I wear 3 year old Sketcher black sneaker's with the velcro straps: never have messed with them, just slip them on and off...if I could find a boot like that and that would last as long, I am sold.


----------



## jusme123 (Dec 27, 2010)

Cletis said:


> Anyone know of any good work boots with* velcro straps*? I love redwing and a few others, but they are all laces. After a while, the laces start coming loose all the time and it bugs the crap out of me. Nice thick velcro straps never come loose that I know of. I know I could just get a redwing and take it to a cobbler to add straps, but I'd rather not.
> 
> Or any tips on keeping strings from coming loose? I can't figure it out and yes I've tried new laces.


 $22.99 what size shoe








:laughing: only kidding!


----------



## mattsilkwood (Sep 21, 2008)

Double knot. I tie my boots once a day.


----------



## Wireless (Jan 22, 2007)

http://www.zappos.com/worx-by-red-wing-shoes-5290-black

Tie them tight every so often and use the zipper everyday!


----------



## Lz_69 (Nov 1, 2007)

Try tying your laces with a square knot.


----------



## erics37 (May 7, 2009)

jusme123 said:


> $22.99 what size shoe


Hey how did you find my work boots??:blink:


----------



## HARRY304E (Sep 15, 2010)

jusme123 said:


> $22.99 what size shoe
> 
> 
> 
> ...





erics37 said:


> Hey how did you find my work boots??:blink:


Your not the only one that wears those boots:laughing::laughing:


----------



## McClary’s Electrical (Feb 21, 2009)

I wore combat boots in high school and used the zipper


----------



## jwjrw (Jan 14, 2010)

I single tie mine and they don't come loose. :blink:


----------



## Wiredude (May 14, 2010)

I had a pair of Bates boots a while back that had the side zipper, I laced them up good and snug, zip-tied the laces up, and just used the zipper.


----------



## Josue (Apr 25, 2010)

Cletis said:


> Anyone know of any good work boots with velcro straps? I love redwing and a few others, but they are all laces. After a while, the laces start coming loose all the time and it bugs the crap out of me. Nice thick velcro straps never come loose that I know of. I know I could just get a redwing and take it to a cobbler to add straps, but I'd rather not.
> 
> Or any tips on keeping strings from coming loose? I can't figure it out and yes I've tried new laces.


just get pull on boots.


----------



## thegoldenboy (Aug 15, 2010)

Go to your local hockey skate shop or sporting goods store and buy waxed skate laces, I don't see why those wouldn't work. I wear Redwings and haven't had any issues with their laces. I double knot out of habit but if I'm feeling particularly lazy I'll single knot to no ill effects.


----------



## Frasbee (Apr 7, 2008)

Lz_69 said:


> Try tying your laces with a square knot.

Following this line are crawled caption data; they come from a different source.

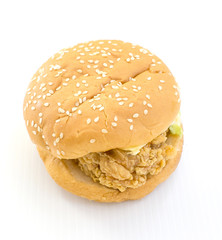 chicken fried burger on white background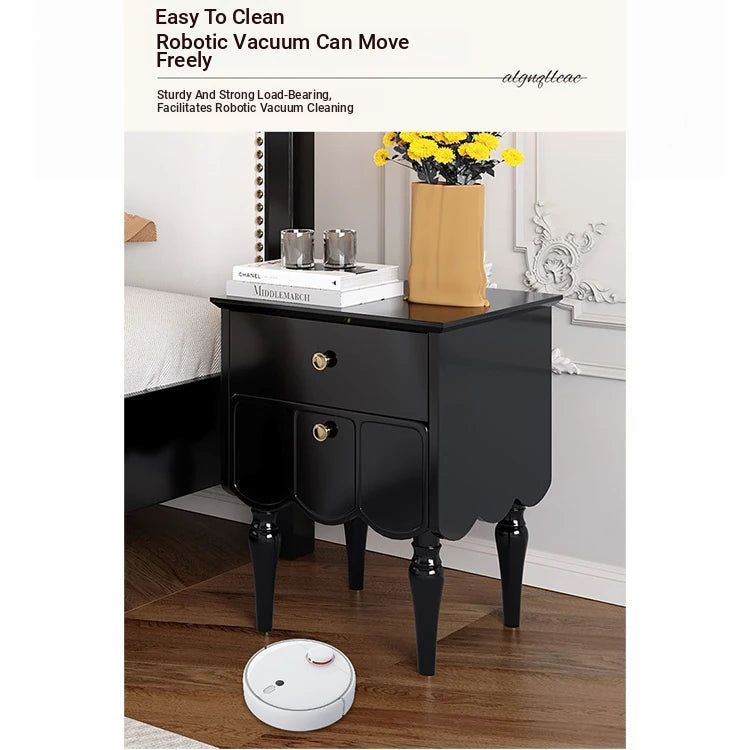 Elegant Black Bedside Cupboard with Multi-Layer Board and Stylish Design - Perfect for Modern Bedrooms fcr-4819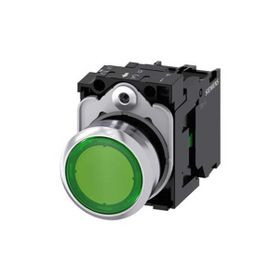 Siemens 3SU1152-0AB40-1BA0 24 AC DC 1No Komple Işıklı Yay Dönüşlü Metal Yeşil Ledli Buton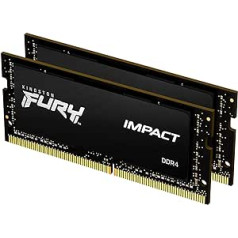 Kingston FURY Impact KF432S20IBK2/64GB klēpjdatora atmiņas komplekts 32GB (2 x 32GB) 3200MHz DDR4 CL20 — melns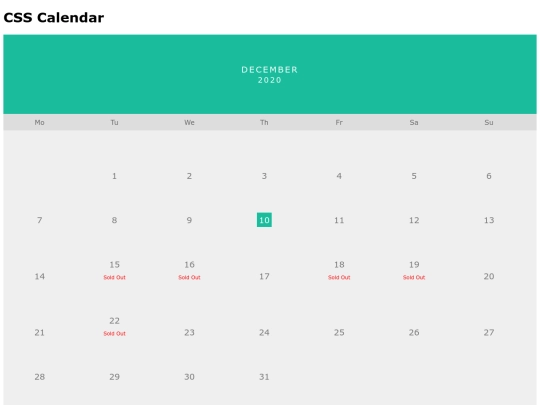 calander screenshot
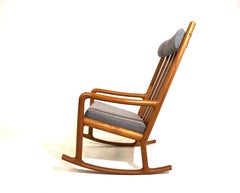 Hans Olsen teak rocking chair for Juul Kristensen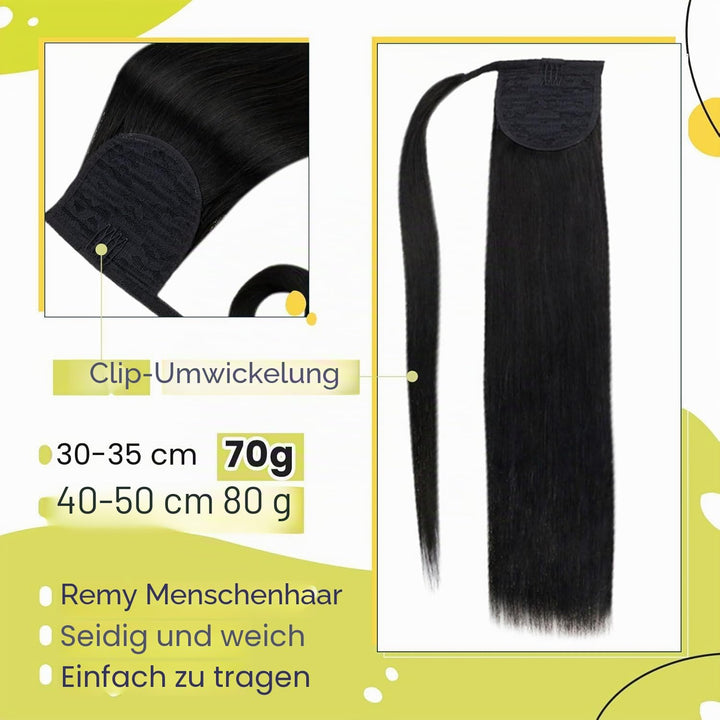 RUNATURE Haarteil, kurzer Pferdeschwanz, Schwarz, Pferdeschwanz, natürliche Verlängerung, 30 cm, 70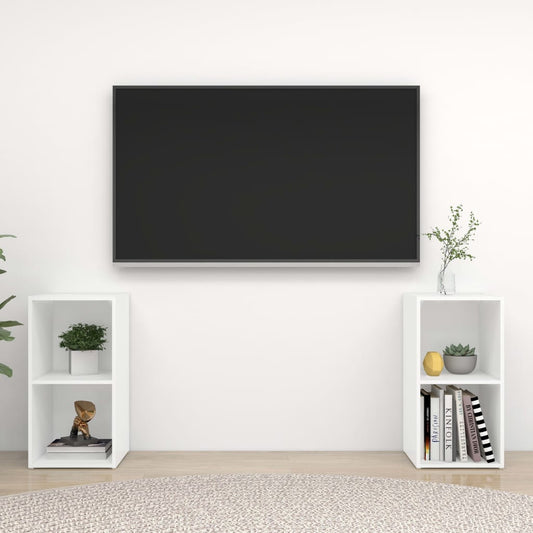 Mobili Porta TV 2 pz Bianco 72x35x36,5 cm in Legno Multistrato - homemem39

I wrap around once or twice depending on how thick my socks are and finish with a square knot and tuck the ends behind the wraps. It's the most secure and cleanest look in my opinion.


----------



## Mike S. (Jan 18, 2011)

I have OCD so it bothers me when one shoe is tied tighter than the other. There is one simple way to keep your boots tied tight and never have them come loose, but also be easy to put on and off.

What you need is boots with those hooks at the top instead of holes, that's the only way this will work. What you do is tie your boots like normal, make sure they are tight and even, then walk around a while still making sure they are good. If this is the correct tightness, what you are going to do is mark the laces where you tied them with a sharpie, then take the boots off.

Take the laces and make a real knot where the marks are, this knot is going to be permanent. Tie a couple of granny knots or whatever they are called, then take some super glue and drip it onto the knot, this will ensure that it never comes undone. Cut off any slack, you don't need it anymore.

Now put the boot on and loop the lace up and over the hooks like they would be if you tied your boot like normal. It might take a bit of pulling the first time to see how it goes, but once the lace is up and over the last hook, your boot is on and fully tied and ready to go. 

I hope you understand how I explained this. I've been using this system for 15 years and it's always worked well. Never tie another lace again.


----------



## Stan B. (Jul 25, 2008)

http://www.fieggen.com/shoelace/slipping.htm

http://www.fieggen.com/shoelace/secureknot.htm


----------



## dowmace (Jan 16, 2008)

I use slip on boots, but not because of the laces just because they are much more waterproof. I can't imagine having laces to tie!


----------